La nieve caía sin hipocresías en esos inviernos de hace 50 años. Nuestras cejas, nuestros párpados se atosigaban con la textura delicada que venía gratis del cielo. Nadie esperaba el verano. No había una buena temporada por venir. Eso lo inventaron después.
La mayor parte del invierno permanecíamos incomunicados. Un viaje normal a Punta Arenas, en condiciones climáticas pasables, demoraba 5 horas y algo más también. En invierno estas travesías se volvían épicas.

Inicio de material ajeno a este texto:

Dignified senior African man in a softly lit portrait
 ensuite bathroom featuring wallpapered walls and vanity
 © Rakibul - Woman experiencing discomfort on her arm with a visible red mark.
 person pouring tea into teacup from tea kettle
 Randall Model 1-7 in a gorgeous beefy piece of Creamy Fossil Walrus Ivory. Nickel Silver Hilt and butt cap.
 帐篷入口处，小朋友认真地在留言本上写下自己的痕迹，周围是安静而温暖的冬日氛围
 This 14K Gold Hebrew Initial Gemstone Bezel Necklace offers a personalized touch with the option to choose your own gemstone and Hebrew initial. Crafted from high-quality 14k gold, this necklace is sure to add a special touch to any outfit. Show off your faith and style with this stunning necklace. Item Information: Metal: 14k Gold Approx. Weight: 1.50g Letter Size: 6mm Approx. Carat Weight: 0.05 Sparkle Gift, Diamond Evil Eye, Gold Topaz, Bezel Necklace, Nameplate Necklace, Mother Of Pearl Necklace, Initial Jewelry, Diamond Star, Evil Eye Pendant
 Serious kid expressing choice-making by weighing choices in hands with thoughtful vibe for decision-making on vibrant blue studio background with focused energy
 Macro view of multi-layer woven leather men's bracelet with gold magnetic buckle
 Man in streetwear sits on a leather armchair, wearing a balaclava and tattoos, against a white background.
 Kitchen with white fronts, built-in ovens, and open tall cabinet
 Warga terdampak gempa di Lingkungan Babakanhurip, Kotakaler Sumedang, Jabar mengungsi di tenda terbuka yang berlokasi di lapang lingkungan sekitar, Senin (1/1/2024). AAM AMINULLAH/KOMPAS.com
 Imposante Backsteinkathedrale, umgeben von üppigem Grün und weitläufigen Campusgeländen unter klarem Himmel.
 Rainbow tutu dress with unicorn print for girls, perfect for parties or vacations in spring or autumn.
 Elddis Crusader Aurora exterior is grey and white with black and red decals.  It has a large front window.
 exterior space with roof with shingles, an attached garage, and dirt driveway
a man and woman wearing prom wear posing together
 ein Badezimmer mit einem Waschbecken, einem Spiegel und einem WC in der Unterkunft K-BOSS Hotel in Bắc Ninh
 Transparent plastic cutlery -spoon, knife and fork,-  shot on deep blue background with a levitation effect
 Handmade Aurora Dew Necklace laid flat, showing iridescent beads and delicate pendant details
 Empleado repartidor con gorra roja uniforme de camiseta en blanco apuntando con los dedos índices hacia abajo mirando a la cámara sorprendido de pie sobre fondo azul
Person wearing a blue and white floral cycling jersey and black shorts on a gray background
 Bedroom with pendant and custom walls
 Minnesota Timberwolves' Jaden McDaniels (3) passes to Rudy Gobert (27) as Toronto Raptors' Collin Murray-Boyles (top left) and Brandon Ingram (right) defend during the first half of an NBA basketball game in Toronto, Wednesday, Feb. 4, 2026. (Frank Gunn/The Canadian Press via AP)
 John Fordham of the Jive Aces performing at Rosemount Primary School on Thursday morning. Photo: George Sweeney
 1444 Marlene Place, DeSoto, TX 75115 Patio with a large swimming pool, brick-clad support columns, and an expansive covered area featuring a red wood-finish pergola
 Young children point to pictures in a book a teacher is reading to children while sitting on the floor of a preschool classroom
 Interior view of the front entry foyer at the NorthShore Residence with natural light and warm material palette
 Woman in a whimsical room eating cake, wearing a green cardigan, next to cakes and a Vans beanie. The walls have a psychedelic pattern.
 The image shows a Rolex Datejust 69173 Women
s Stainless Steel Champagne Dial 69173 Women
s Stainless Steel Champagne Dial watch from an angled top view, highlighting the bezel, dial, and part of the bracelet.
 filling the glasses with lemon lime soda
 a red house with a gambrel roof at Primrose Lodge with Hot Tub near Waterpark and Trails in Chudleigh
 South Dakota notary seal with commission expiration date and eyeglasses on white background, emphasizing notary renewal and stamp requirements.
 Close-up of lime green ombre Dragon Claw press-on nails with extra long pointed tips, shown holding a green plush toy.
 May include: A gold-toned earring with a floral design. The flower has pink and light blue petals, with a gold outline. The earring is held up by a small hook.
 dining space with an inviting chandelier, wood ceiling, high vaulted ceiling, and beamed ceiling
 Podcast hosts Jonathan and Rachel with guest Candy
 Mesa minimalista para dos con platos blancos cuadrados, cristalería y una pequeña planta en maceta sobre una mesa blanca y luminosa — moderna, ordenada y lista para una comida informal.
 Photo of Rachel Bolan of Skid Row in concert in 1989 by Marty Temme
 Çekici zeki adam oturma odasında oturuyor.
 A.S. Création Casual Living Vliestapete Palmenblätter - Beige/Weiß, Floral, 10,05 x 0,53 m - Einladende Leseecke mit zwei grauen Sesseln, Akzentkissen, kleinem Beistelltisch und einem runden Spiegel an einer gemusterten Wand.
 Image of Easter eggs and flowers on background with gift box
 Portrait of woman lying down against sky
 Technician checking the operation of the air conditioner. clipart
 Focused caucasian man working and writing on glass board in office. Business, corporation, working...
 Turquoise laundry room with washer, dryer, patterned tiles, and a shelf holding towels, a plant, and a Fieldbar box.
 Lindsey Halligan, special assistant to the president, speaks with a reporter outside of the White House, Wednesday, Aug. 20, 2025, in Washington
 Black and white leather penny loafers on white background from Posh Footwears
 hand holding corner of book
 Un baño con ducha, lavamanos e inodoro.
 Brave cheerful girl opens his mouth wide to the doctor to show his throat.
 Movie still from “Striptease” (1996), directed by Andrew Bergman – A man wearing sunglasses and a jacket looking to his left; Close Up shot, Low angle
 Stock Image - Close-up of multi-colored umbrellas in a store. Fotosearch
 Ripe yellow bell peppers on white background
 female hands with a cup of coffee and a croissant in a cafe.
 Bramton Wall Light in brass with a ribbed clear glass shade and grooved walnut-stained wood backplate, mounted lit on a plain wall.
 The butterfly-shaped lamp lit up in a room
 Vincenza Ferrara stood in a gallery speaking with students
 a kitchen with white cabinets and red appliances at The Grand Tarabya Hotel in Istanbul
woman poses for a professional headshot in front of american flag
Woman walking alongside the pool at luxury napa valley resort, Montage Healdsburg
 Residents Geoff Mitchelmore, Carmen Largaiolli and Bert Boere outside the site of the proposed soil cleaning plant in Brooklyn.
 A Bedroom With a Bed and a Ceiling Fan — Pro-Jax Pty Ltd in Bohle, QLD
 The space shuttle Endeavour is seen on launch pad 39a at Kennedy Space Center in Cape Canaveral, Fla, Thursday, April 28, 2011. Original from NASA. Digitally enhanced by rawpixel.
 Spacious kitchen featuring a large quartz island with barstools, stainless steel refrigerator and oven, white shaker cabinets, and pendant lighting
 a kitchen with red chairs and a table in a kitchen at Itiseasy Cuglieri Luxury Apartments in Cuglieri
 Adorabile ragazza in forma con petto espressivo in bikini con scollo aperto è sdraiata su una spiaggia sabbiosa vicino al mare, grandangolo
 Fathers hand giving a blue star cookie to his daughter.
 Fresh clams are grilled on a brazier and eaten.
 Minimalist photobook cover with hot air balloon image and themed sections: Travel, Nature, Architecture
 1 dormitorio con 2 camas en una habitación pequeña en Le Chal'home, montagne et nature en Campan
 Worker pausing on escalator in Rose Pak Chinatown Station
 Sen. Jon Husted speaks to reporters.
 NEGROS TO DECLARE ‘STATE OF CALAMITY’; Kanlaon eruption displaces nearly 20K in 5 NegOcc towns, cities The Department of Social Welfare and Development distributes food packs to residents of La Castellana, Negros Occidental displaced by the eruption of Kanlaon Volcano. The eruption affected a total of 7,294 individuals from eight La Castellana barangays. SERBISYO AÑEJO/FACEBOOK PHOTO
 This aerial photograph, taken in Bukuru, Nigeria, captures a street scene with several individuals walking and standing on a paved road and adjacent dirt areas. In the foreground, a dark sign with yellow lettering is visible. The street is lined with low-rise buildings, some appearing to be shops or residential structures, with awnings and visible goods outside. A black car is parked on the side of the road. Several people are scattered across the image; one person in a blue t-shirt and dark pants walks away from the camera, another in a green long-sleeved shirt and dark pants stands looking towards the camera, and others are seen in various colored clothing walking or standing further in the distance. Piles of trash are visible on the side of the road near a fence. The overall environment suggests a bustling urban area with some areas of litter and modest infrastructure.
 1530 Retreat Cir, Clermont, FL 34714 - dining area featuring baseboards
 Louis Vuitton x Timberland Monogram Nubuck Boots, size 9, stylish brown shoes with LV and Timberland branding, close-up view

Medio siglo atrás. Por las calles todavía se escuchaba el canto de los vendedores de pescados y mariscos. Mi abuelo José a sus 70 y largos se ocupaba de tres o cuatro patios donde cultivaba papas. Las carretas como las que él manejaba, eran metáforas de los camiones que no abundaban en calles sin pavimentar. Un transporte de lo más cotidiano. Algunos carreteros llevan sus perros que ladraban a los vecinos desde su pedestal.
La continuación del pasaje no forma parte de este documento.